I have been trying to prove the following Fibonacci Identity using induction:
$F_{2n+2} = 2F_nF_{n+1}+F_{n+1}^2$
To assist with this proof I have been told that:
$F_{2n+1}=F_n^2+F_{n+1}^2$
I can do the Base Case and Inductive Hypothesis myself, but need help with the actual proof.
If possible the proof would not involve a Fibonacci Matrix or Binet's Formula.

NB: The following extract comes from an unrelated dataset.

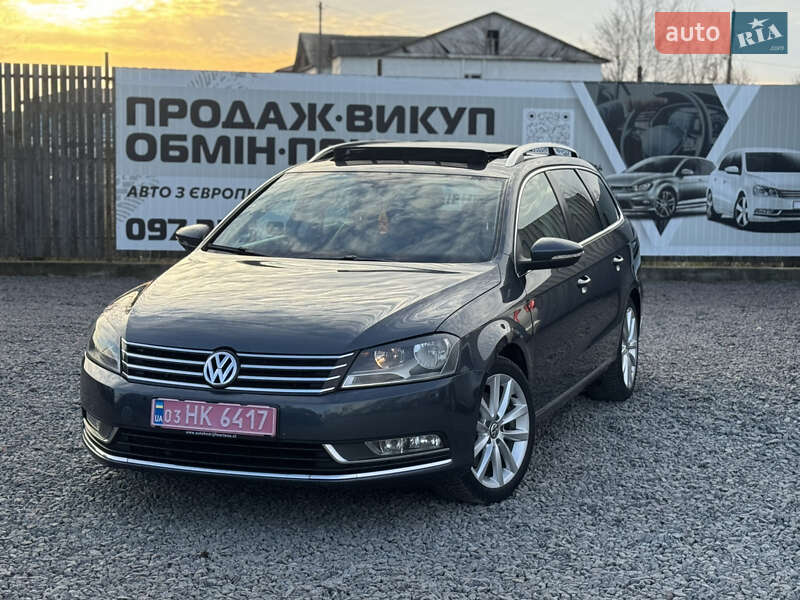 Универсал Volkswagen Passat 2013 в Сарнах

You already proved the case $n=0$. Assume that the claim is true up to $n-1$, that is:
$F_{2n}=2F_{n-1}F_n+F^2_n$
Now let us prove the claim for $n$:
$ \begin{align*} F_{2n+2}&=F_{2n+1}+F_{2n}=\\ &=F^2_n+F^2_{n+1}+2F_{n-1}F_n+F^2_n=\quad \text{(here we used induction hyp + your identity)}\\ &=2F_n(F_n+F_{n-1})+F^2_{n+1}=\\ &=2F_nF_{n+1}+F^2_{n+1} \end{align*} $
If you prove for first that $F_{2n}=F_n L_n$, your claim boils down to showing that $$ L_{n+1} = 2F_n+F_{n+1} $$ holds, and that is very simple (always by induction).